How to detect the output voltage of a mic using arduino?

Post by yaantey »

Hey guys,

Can anyone point me to a simple circuit that can be used to wire a MIC to a speaker so that the speaker can output the inputs to MIC. Also then I can connect the output from mic to arduino to see the maximum and minimum voltage output of the MIC.

Im a newbie, so please help me out. Thanks.

mwilson
 
Posts: 46
Joined: Sun Oct 23, 2011 11:17 am

Re: How to detect the output voltage of a mic using arduino?

Post by mwilson »

I've got nothing that does exactly that. But...

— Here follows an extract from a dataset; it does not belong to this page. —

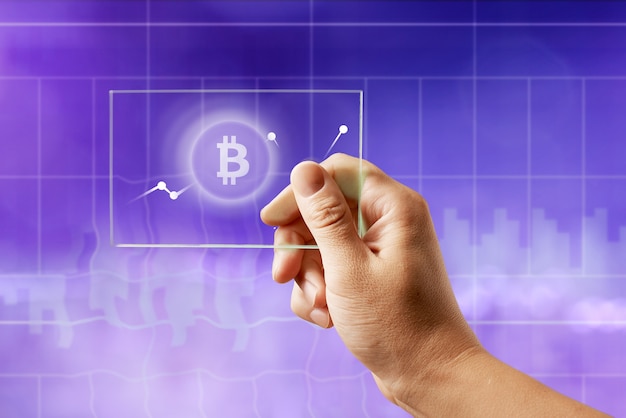 Symbol Bitcoin auf einem Glasbildschirm mit einem Diagramm der Kryptowährung auf einem ultravioletten Hintergrund. Das Finanz- und Technologiekonzept kann für Video- oder Site-Cover verwendet werden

The LM386 is the "standard" chip for building little audio amplifiers. The first typical application in the data sheet http://www.ti.com/lit/ds/symlink/lm386.pdf is probably close to what you want.

The main unknown is gain: is the microphone signal hot enough to be noticed by the LM386 or Arduino. If not --
1) another circuit in the LM386 datasheet shows how to get higher gain.
2) for that or Arduino input, an operational amplifier between the mic and the rest of the circuit can give you whatever gain you need. The fundamental circuit is simple, but high-gain circuits can get tricky with respect to layout. (On the bench here I've got a breadboarded op-amp circuit that's turns into an oscillator if you jostle the parts.) Google a bit,

(later)
I guess it wouldn't kill me to explain where I'm coming from. This, http://www.generalguitargadgets.com/ric ... iceman.pdf is the schematic for an entire guitar amp using op-amps and an LM386. You'd have to filter out what you need. The op-amp gain stage I'm talking about would be the parts C4, R21, U3A, R19, C13, R20, and the voltage-divider R6, R7, C5 that feeds the Vbias voltage. (The similar parts around U3B do the same thing, but with a lower gain.) That's a starting point -- you'd better study up regardless.